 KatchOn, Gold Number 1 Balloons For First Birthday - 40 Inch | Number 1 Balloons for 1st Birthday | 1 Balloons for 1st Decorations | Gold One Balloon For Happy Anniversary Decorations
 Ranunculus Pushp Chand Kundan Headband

==

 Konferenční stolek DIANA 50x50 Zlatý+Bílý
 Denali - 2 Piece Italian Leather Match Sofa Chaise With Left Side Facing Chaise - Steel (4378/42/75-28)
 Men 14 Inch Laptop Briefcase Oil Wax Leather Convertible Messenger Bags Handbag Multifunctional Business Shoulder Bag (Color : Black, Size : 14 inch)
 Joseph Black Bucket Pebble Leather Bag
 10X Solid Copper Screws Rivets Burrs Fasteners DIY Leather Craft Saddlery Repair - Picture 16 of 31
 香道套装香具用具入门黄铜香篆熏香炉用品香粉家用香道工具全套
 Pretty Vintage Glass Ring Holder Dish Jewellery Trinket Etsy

> _What is needed_
Your answer should consist solely of the lines above from the line with "Joseph Black Bucket Pebble Leather Bag" to the line with "Pretty Vintage Glass", both included, reproduced exactly.

> _Exercise output_
 Joseph Black Bucket Pebble Leather Bag
 10X Solid Copper Screws Rivets Burrs Fasteners DIY Leather Craft Saddlery Repair - Picture 16 of 31
 香道套装香具用具入门黄铜香篆熏香炉用品香粉家用香道工具全套
 Pretty Vintage Glass Ring Holder Dish Jewellery Trinket Etsy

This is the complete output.